A história gira em torno das personagens Malu e Natália, primas que vivem alimentadas por sonhos em um mundo cercado pelo eminente risco da perda mais preciosa: a vida. “Ninguém prestou atenção. A violência que afeta as mulheres é um risco real e começa já na infância. Outra coisa importante que as personagens do livro mostram é como nós lidamos com isso e como somos fortes em sobreviver e resistir”, enriqueceu a escritora, citando ainda que a tragédia do Realengo é a maior já ocorrida numa escola brasileira.
“Quando vivíamos uma euforia econômica, o acesso à educação começava a transformar uma geração e estávamos todos otimistas. Oito anos depois, mudou o país, mudamos nós – e este livro, como só as narrativas mais originais conseguem, pretende transformar um relato em material sólido, capaz de perdurar por mais tempo”, acrescentou. Daniela levou dois anos para escrever a obra. “Era uma história que estava na minha cabeça há muitos anos, desde que estive em Realengo pela primeira vez”, recordou.

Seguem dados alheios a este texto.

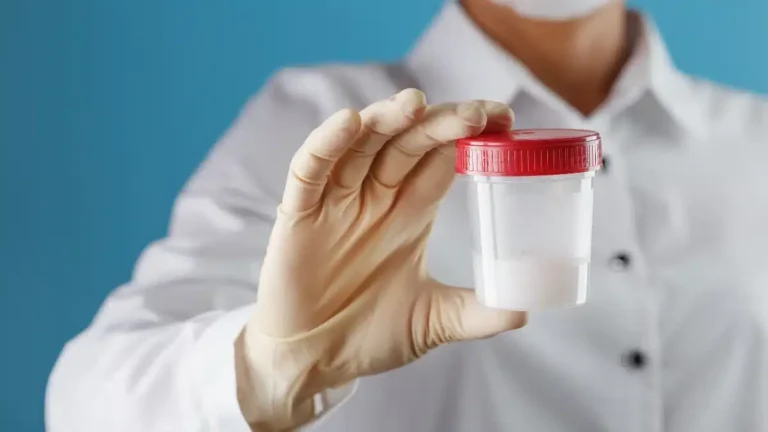 vertomen penyebab sperma kental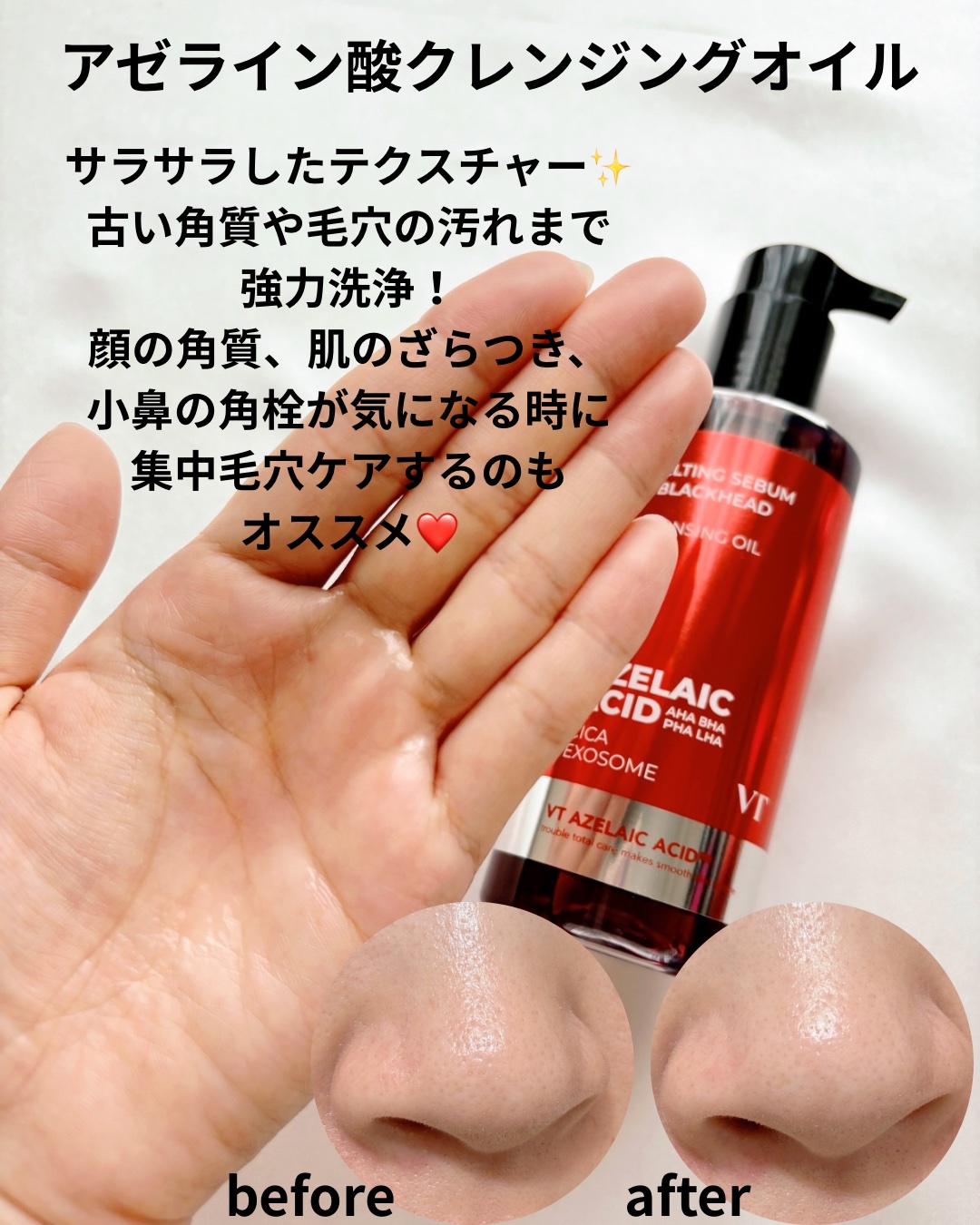 A1カーミング アンプル/VT/美容液を使ったクチコミ（2枚目）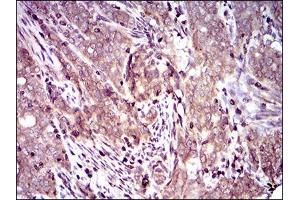 Immunohistochemical analysis of paraffin-embedded cervical cancer tissues using DCTN4 mouse mAb with DAB staining.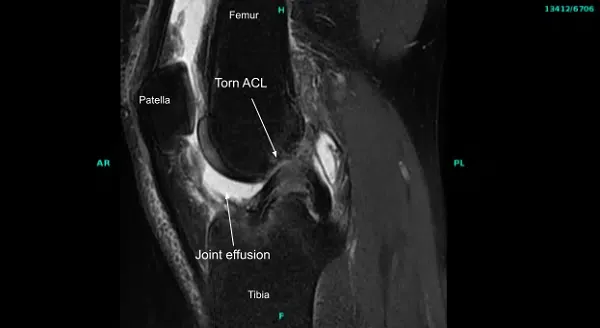 Resonancia magnética de la articulación de la rodilla derecha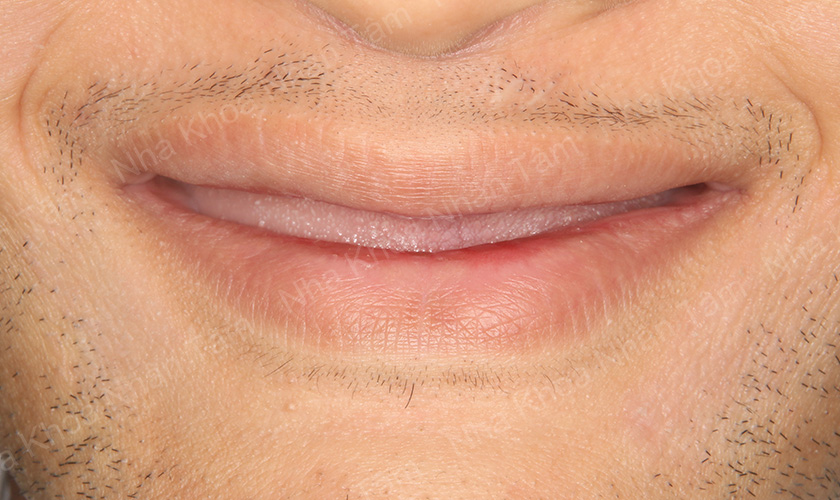 Literally toothless man treated by doctors in Ho Chi Minh City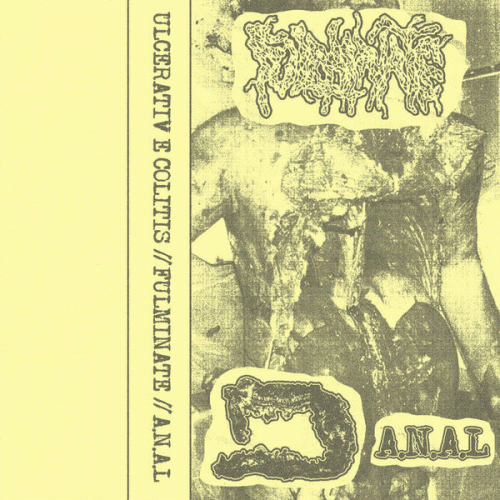 Fulminate : Ulcerative Colitis - Fulminate - A.N.A.L Fulminate : Ulcerative Colitis - Fulminate - A.N.A.L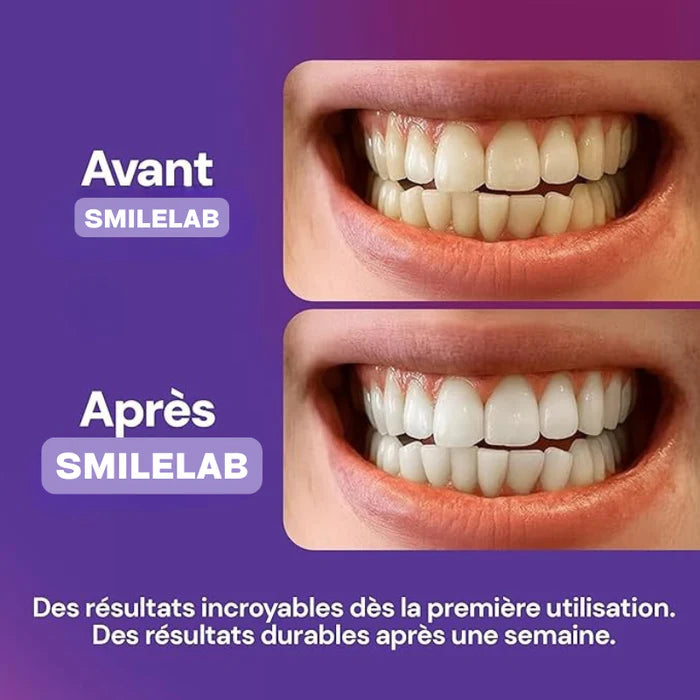 bandes violettes blanchissantes pour dents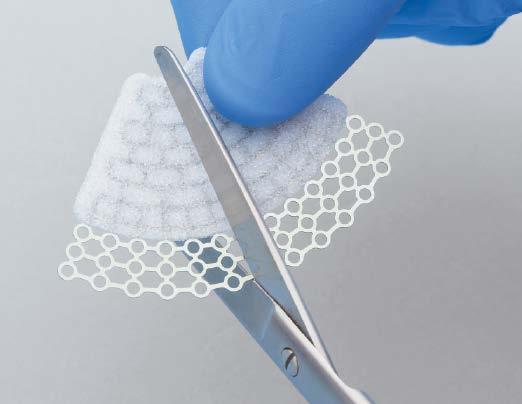 After sizing the implant, rinse it in sterile saline solution to remove loose particles.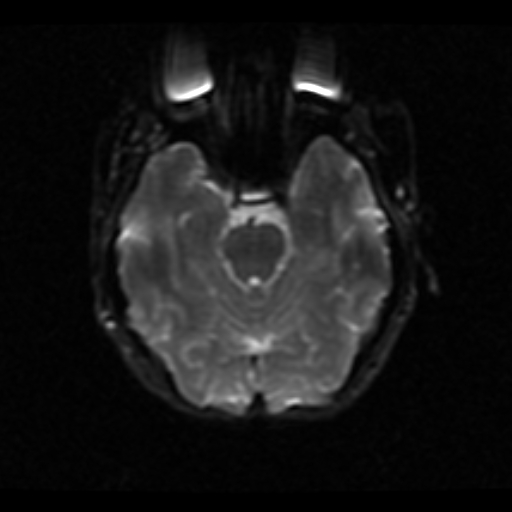 File:Choroid plexus xanthogranuloma (Radiopaedia 17650-17386 ADC 16).jpg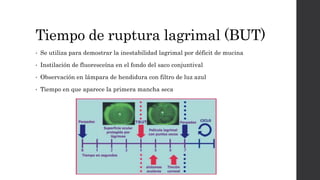 Tiempo de ruptura lagrimal (BUT)
• Se utiliza para demostrar la inestabilidad lagrimal por déficit de mucina
• Instilación de fluoresceína en el fondo del saco conjuntival
• Observación en lámpara de hendidura con filtro de luz azul
• Tiempo en que aparece la primera mancha seca
 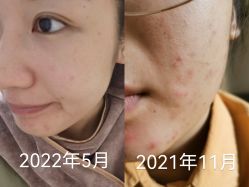 体验前-比华利美容医院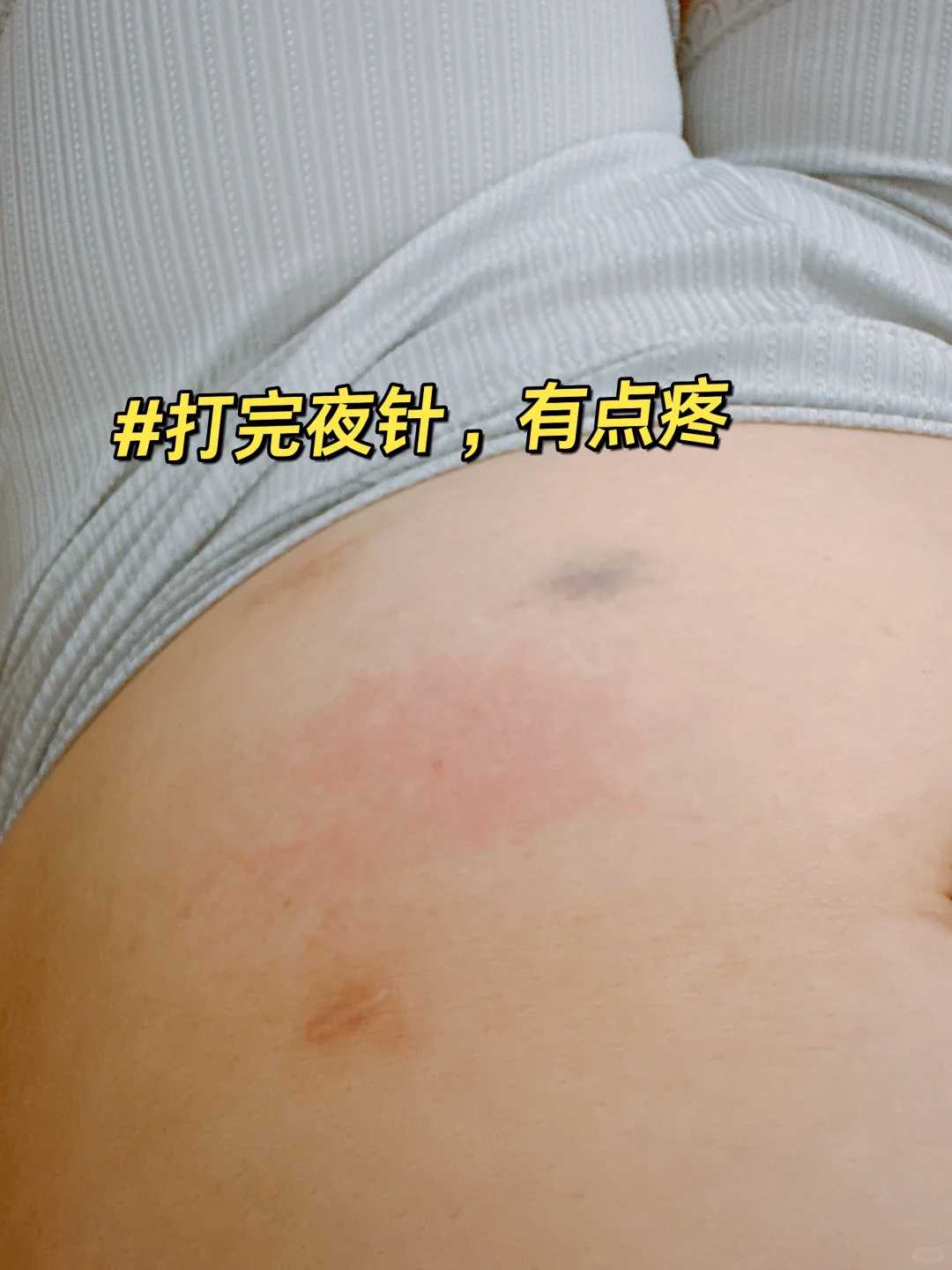 促排优势卵泡每天长多少mm有标准！附详细费用列表！ 专业试管代孕哪里有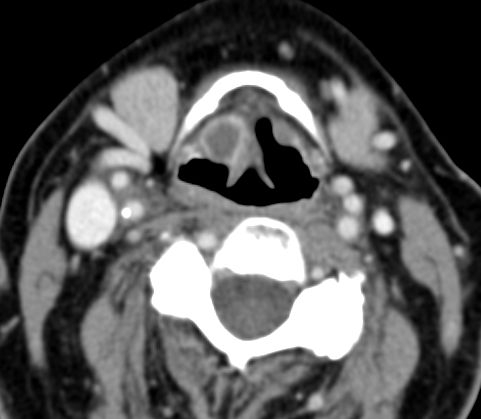 File:Epiglottic cyst (Radiopaedia 15885).jpg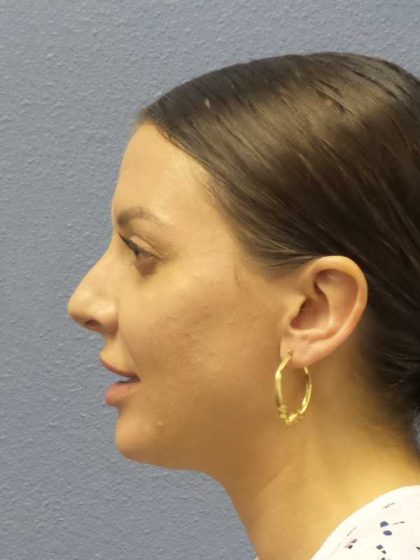 Periorbital Before & After Patient #8541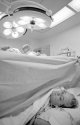 Cesarean Section Operation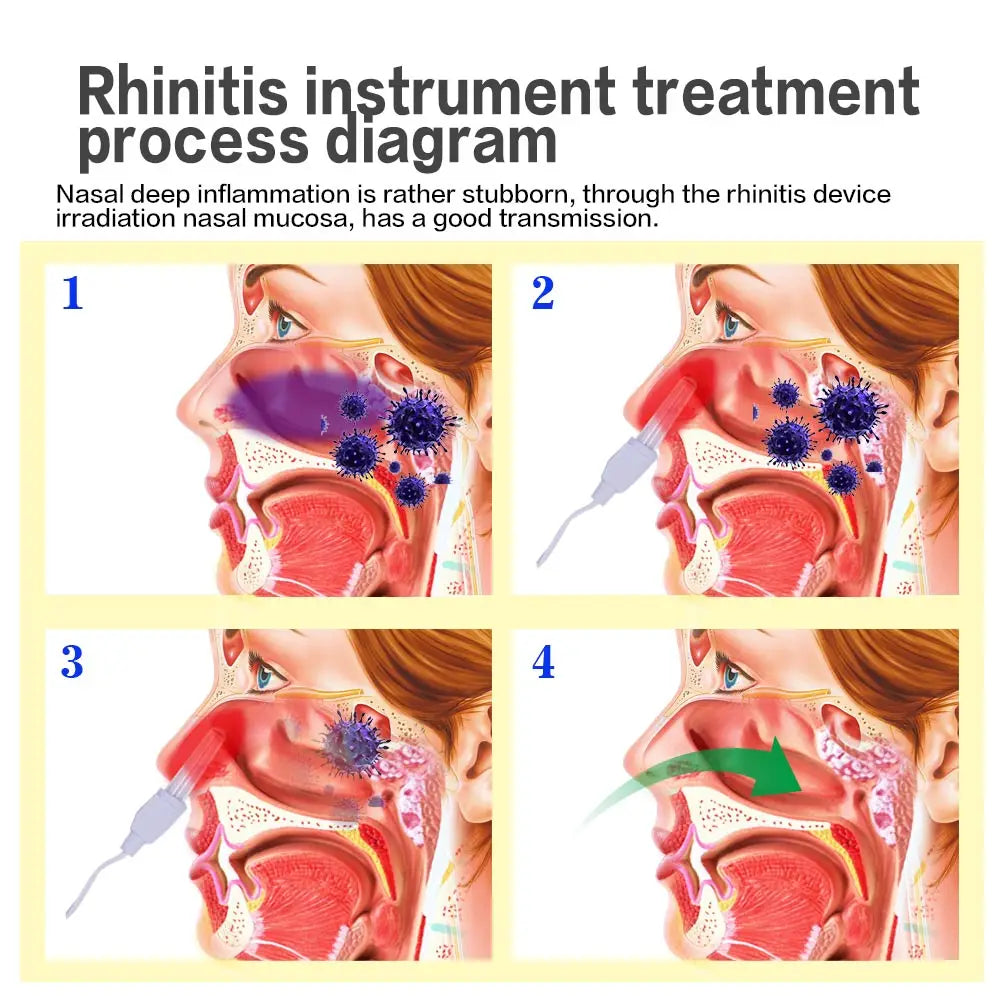 Health care products Nose therapy Massage Pulse Laser Rhinitis instrument treatment process diagram show in 4 steps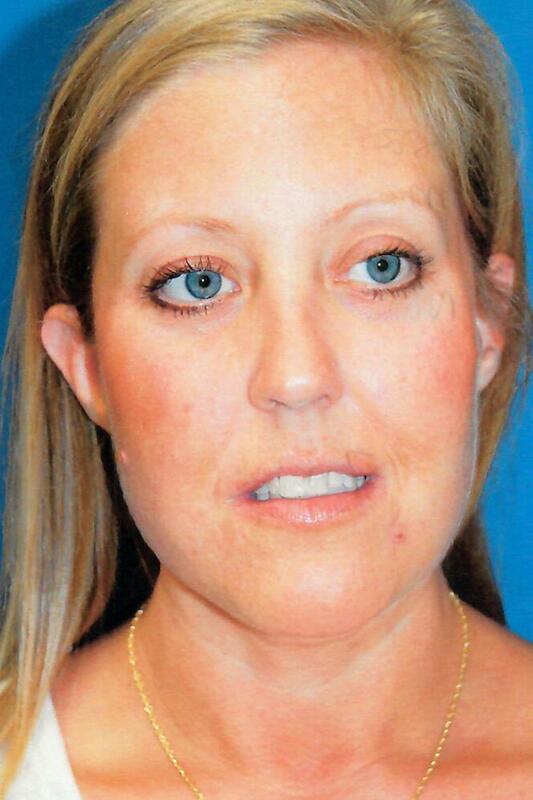 Neck liposuction Before & After Image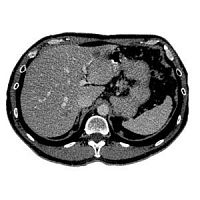 Medical software medical imagingfor researchtreatment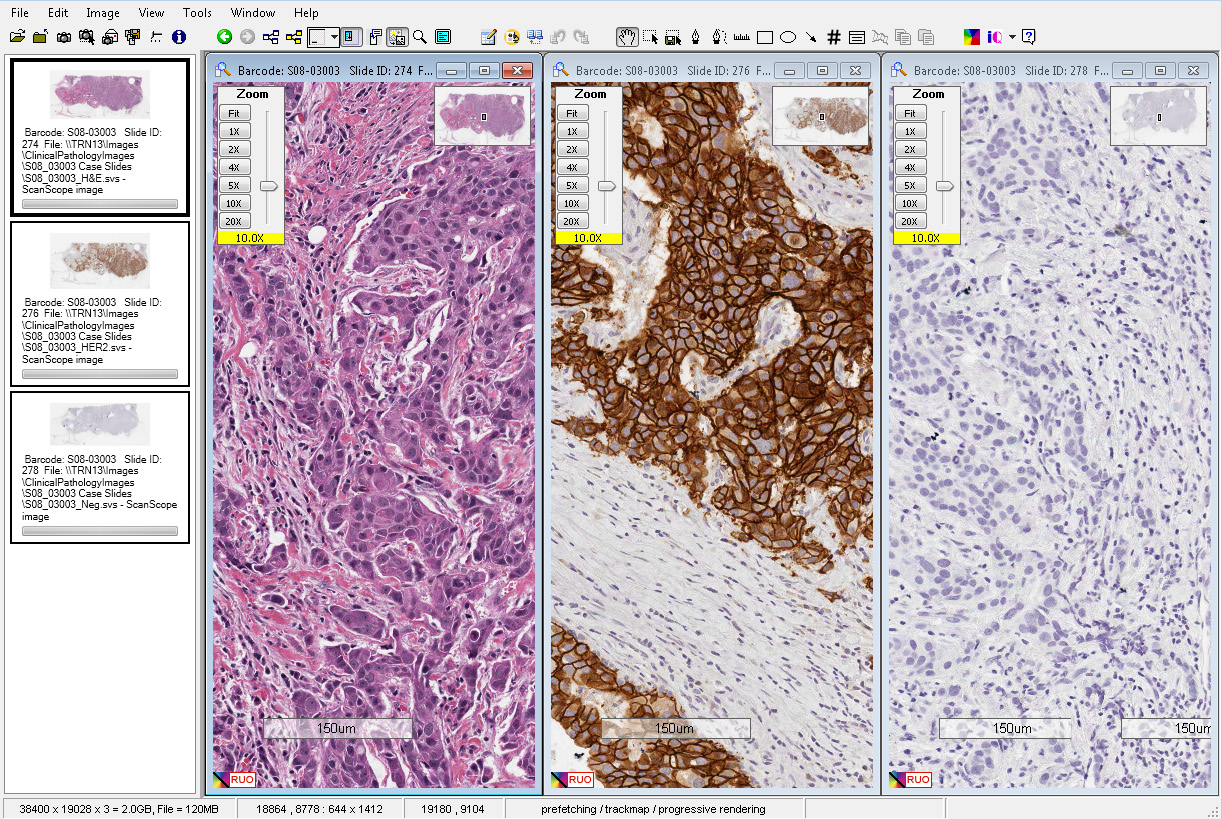 Интерфейс Aperio ImageScope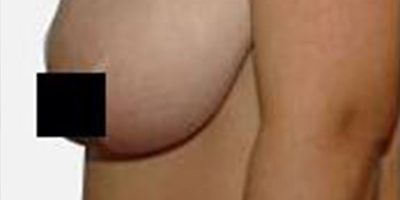 乳房下垂矯正術(shù)前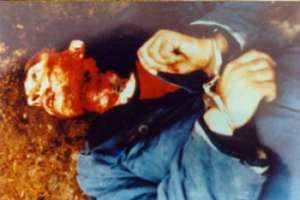 throat cuts in Chechnya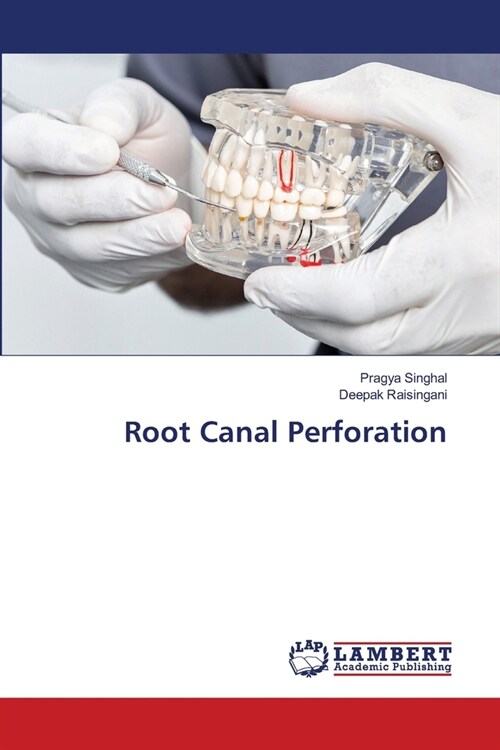 Root Canal Perforation (Paperback)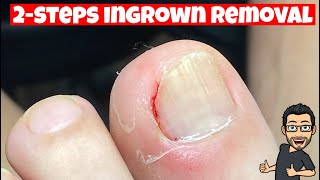 HOW TO REMOVE AN INGROWN TOENAIL [upl. by Ruskin]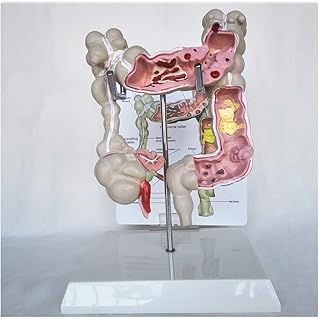 Educational Model Human Colorectal Disease Model - Human Organ Anatomical Model Colorectal Lesion Model - Medical Anatomical Human Colon Home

Com estrutura aparentemente simples, a obra apresenta um mundo difuso de preconceitos, desejos e limitações de forma crua e clara. “Quando comecei a pensar no livro, não sabia ainda se escreveria ficção ou não ficção. Optei pela literatura porque eu queria me aprofundar em personagens de um jeito só a ficção consegue. Queria misturar as histórias de Piçarras, das personagens que conheci na infância e adolescência na Escola Alexandre Guilherme Figueredo (onde estudamos, eu e você) com a vida daquelas meninas que conheci no subúrbio do Rio. Apesar da distância, há algo de universal na experiência de crescer menina, foi o que eu quis retratar no livro”, frisou Daniela, nascida em 1987 e criada no litoral piçarrense.
Jornalista por formação pela Pontifícia Universidade Católica (PUC) de Curitiba e especializada em Literatura na Universidade Federal do Rio de Janeiro (UFRJ), Daniela observa que cobrir a tragédia e escrever o livro também a mudou pessoalmente. “No jornalismo estamos sempre ouvindo o outro. Na literatura, nós também nos voltamos para dentro, para a própria história. Eu acabei me identificando com as personagens, vi que estava contando uma história sobre meninas de Realengo que, em muitos aspectos, também é a minha”, analisou.
O livro está à venda nas livrarias, na Amazon e “também vou mandar alguns para vender no Ateliê da minha mãe”, encerrou Daniela, que é filha da artista local, Cláudia Kopsch. O Ateliê de Cláudia fica na Avenida Nereu Ramos, 557 ao lado da Igreja Matriz. O preço da obra é de R$ 42,00. Atualmente a escritora trabalha como repórter e redatora para veículos como Canal Futura, Editora Abril e HuffPost.